The guy who was supposed to come talk about Mary Shelley (she wrote
Frankenstein
, lest you’ve forgotten) had an unfortunate encounter with an electrical current. How freakily appropriate is that? I ask you. Apparently he’ll be fine, but they needed a sub, and fast. A few phone calls later and presto whammo, the (s)mother and I were sitting in the studio (she’s in the inner; I’m in the outer, still feeling heartbroken-sorry-for-myself and not really having anything better to do than be there), and the interviewer was pretending to be fascinated with Mary Percival. Shelley—Percival, what’s the diff?

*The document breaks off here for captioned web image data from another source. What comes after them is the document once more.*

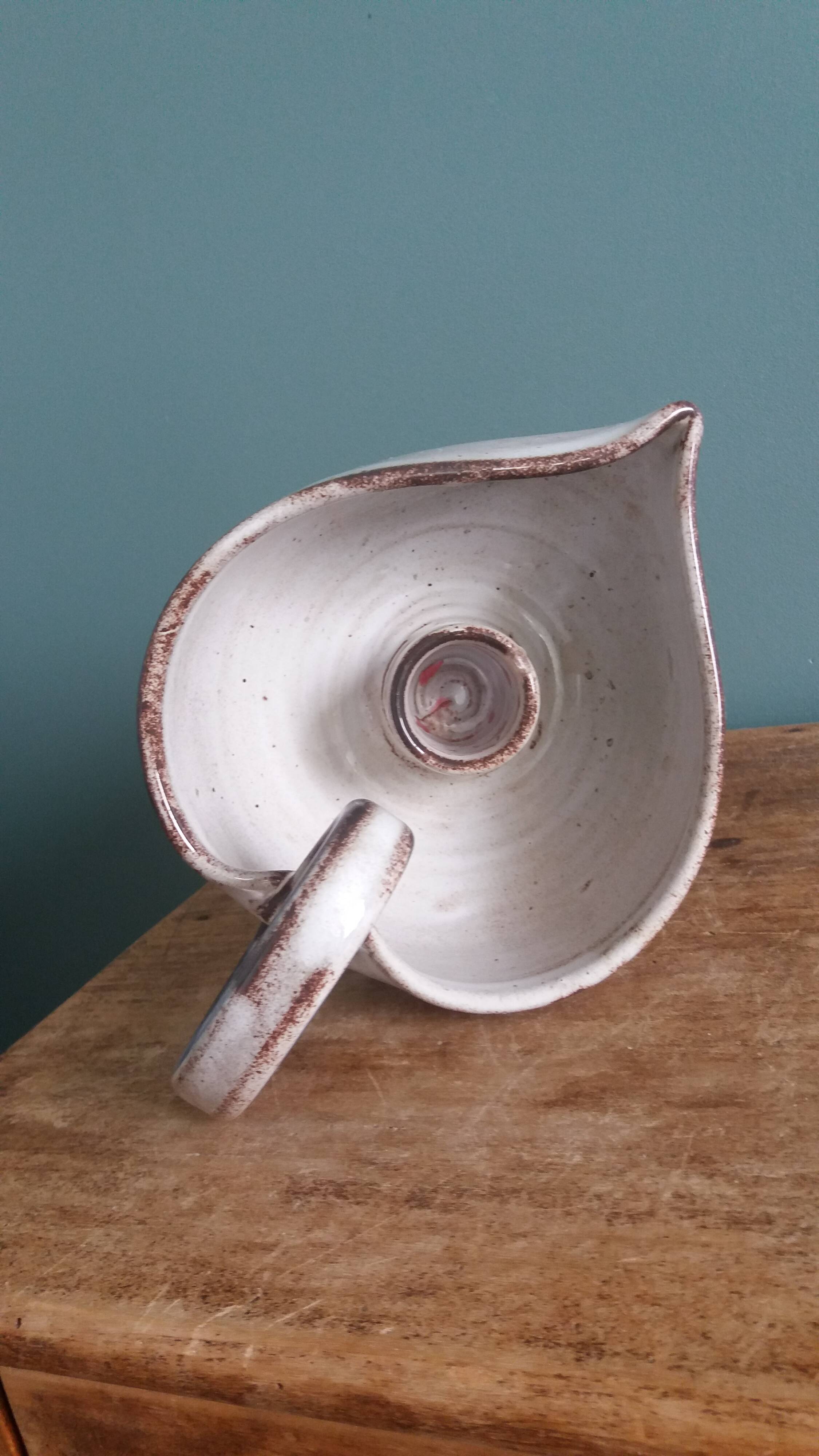 Candle holder signed Natoli from Vallauris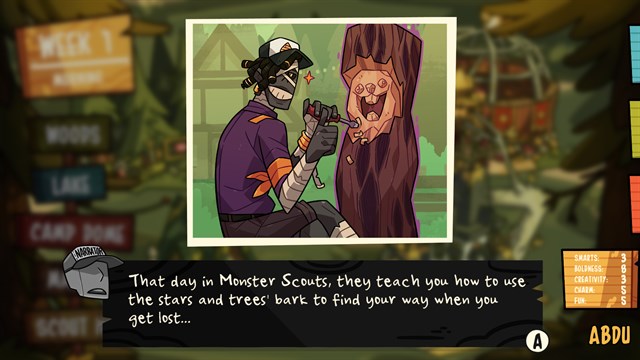 Monster Camp Character Pack - New Blood screenshot 2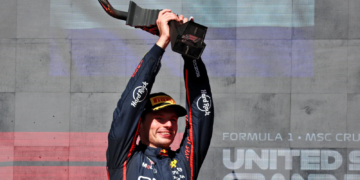 Max Verstappen won the F1 US GP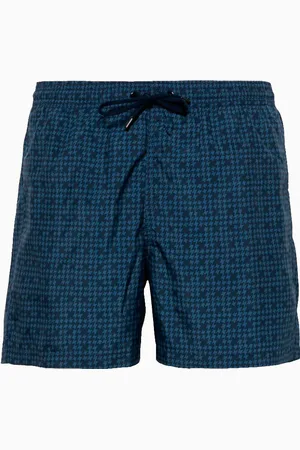 CANALI Bañador con pata de gallo
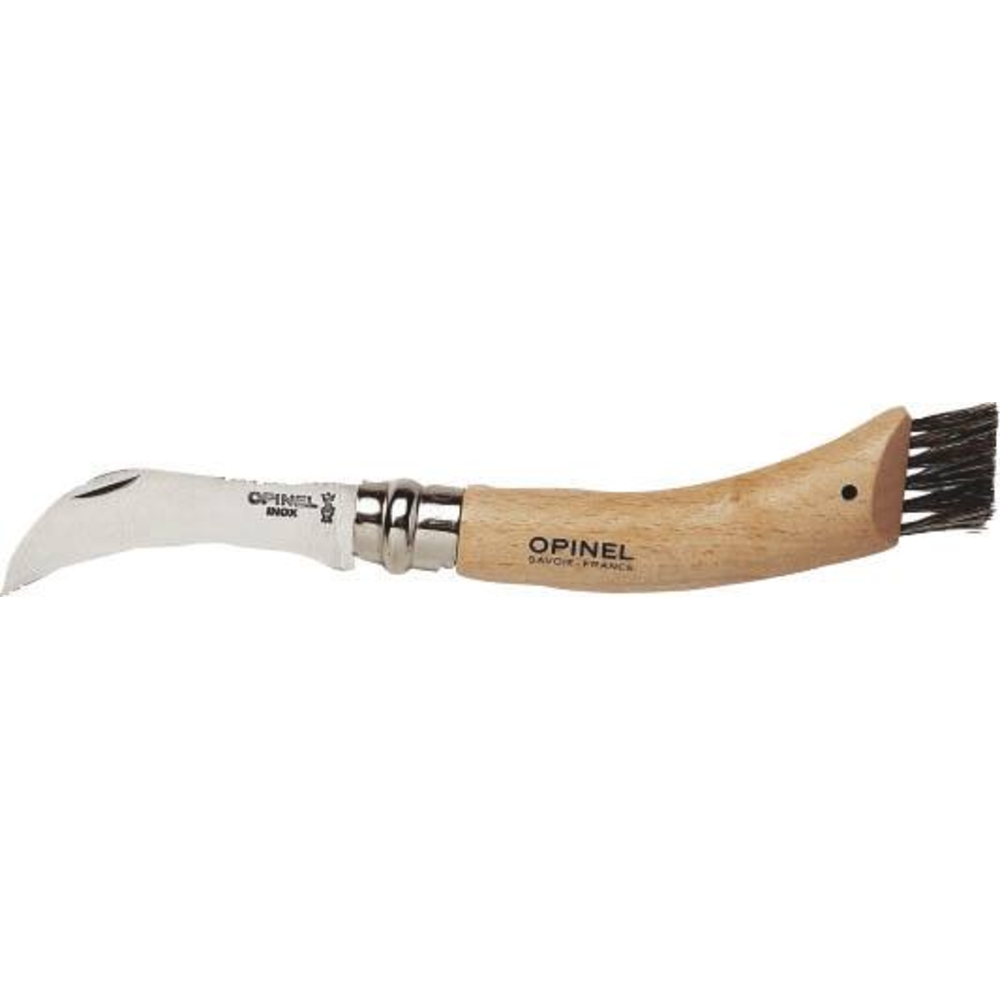 Couteau à champignon avec brosse OPINEL - 17688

(Fame, fortune, many movies, and a gazillion printings, but who’s counting?)

It was live, but you’ll be able to listen as soon as they upload it, whenever that is.
www.bbc.co.uk/bbcfour/

So Mom was in this room with typical radio equipment, and an interviewer who looked like she reads doorstopper books about the inner lives of famous Victorian women. Or, maybe, stuff like Mary Percival’s unfamous books about Regency women. She had short gray hair that stuck out in all directions, red-framed glasses, and a sweatshirt with roses on it.

Intros over, she jumped right in. “So, Polly,” she asked in a surprisingly Cockney voice (c’mon, you expect plummy posh on English radio, don’t you?), “what’s the biggest difference, as you see it, between English and American literature?”

“Other than the language?” Mom quipped. Her fave joke. But she has a good voice for radio, smooth and kinda deep, and she made the comment sound cool and funny. The interviewer laughed, a real laugh, said something about how there isn’t a Brit alive who can do Edgar Allan Poe or Eminem justice, and I decided I liked her and the whole thing was going to go just fine.